The question of restoring grammar schools has reared its ugly head and it caught the new Prime Minister ‘off guard’ at a recent Prime Minister’s Question Time. If Margaret Thatcher was anything she was certainly a ‘conviction’ politician. If Theresa May believes that grammar schools should be restored in parts of the country then she should say so and not fudge the issue. She might be guided by her Chief of Staff who the writer understands went to a grammar school in Birmingham. The writer attended a famous grammar school in South Wales from 1958 to 1966. There were two streams ‘A’ and ‘B’ but the gulf between the two was enormous. The ‘B’ stream had the poorer teachers and many in the ‘B’ stream left with few Ordinary level subjects and some none at all. The writer is convinced that many of those who did not pass the eleven plus examination and thus went to the secondary school could have done as well, if not better, than many of our ‘B’ form collegues. Indeed a number of those who were transferred from the secondary school did very well and went on to study at university. It would be fair to say that in primary school everything was geared to the eleven plus examination and little was done to prepare those who were not fortunate to pass the exam for the wider world and a non grammar school education.
If grammar schools are to once again become part of the education system then it would seem important to lay down certain criteria.
a) The parents in a particular area must overwhelmingly support it – say 75% on a turnout of 75%
b) The parents must be made fully aware that some children might not get places
c) Proper arrangements should be made for those pupils who do not get places; they should not be classed as failures but given as much opportunity to fully develop their skills and talents in other fields.
The most important thing is the child. Every child has been given a talent and a good teacher will recognise this talent and try to develop it. No two schools are exactly alike – whether they are public, grammar. comprehensive or church. The writer believes in diversity not conformity. Many of the writer’s friends who did not go to grammar school have been successful in their particular field and done well for themselves and their families. And they have skills that make the writer envious on times.
Finally some thoughts on David Cameron’s controversial resignation honours list. Despite the expenses scandal six years ago nothing much has really changed. Following the practice of previous Prime Ministers chums and cronies were as usual rewarded. As well as Harold Wilson’s ‘lavender’ list from 1976 we have this gem from when Harold Macmillan was Prime Minister and in July 1962 sacked one third of his cabinet.
On the resignation of Mr. Maclay as Secretary of State for Scotland.
‘You i.e. Macmillan would like to recommend him for a C H (Companion of Honour) Now and a Viscountcy later at a suitable time’

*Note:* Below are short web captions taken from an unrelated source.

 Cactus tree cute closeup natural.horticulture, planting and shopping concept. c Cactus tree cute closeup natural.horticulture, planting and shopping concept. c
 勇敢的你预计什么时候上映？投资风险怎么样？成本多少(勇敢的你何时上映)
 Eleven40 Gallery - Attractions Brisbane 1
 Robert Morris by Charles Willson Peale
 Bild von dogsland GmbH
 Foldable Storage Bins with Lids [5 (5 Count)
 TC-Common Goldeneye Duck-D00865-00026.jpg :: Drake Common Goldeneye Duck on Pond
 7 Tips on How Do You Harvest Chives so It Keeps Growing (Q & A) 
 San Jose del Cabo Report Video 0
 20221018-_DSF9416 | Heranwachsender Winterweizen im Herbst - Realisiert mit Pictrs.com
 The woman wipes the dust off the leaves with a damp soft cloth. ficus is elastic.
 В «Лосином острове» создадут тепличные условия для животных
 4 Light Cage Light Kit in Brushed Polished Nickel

(‘Yes he agrees’ Macmillan wrote by the C.H. ‘Yes it’s yours at any time’ he (Macmillan) scribbled next to the proposed Maclay Viscountcy)
(Extract from ‘The Prime Ministers’ by Peter Hennessy Chapter 5 Page 76)
In terms of balance Theresa May’s Cabinet is one of the best in the history of the modern Conservative Party. The overall parliamentary majority is very small but even the most pro EU fanatic on the government benches would be foolish to rock the boat at this critical time. Outside London every English region voted ‘Leave’ ,17 of the 22 Welsh counties voted ‘Leave’, I million people in Scotland voted ‘Leave’ and many in Northern Ireland also. Theresa May has been given her mandate. She must act upon it.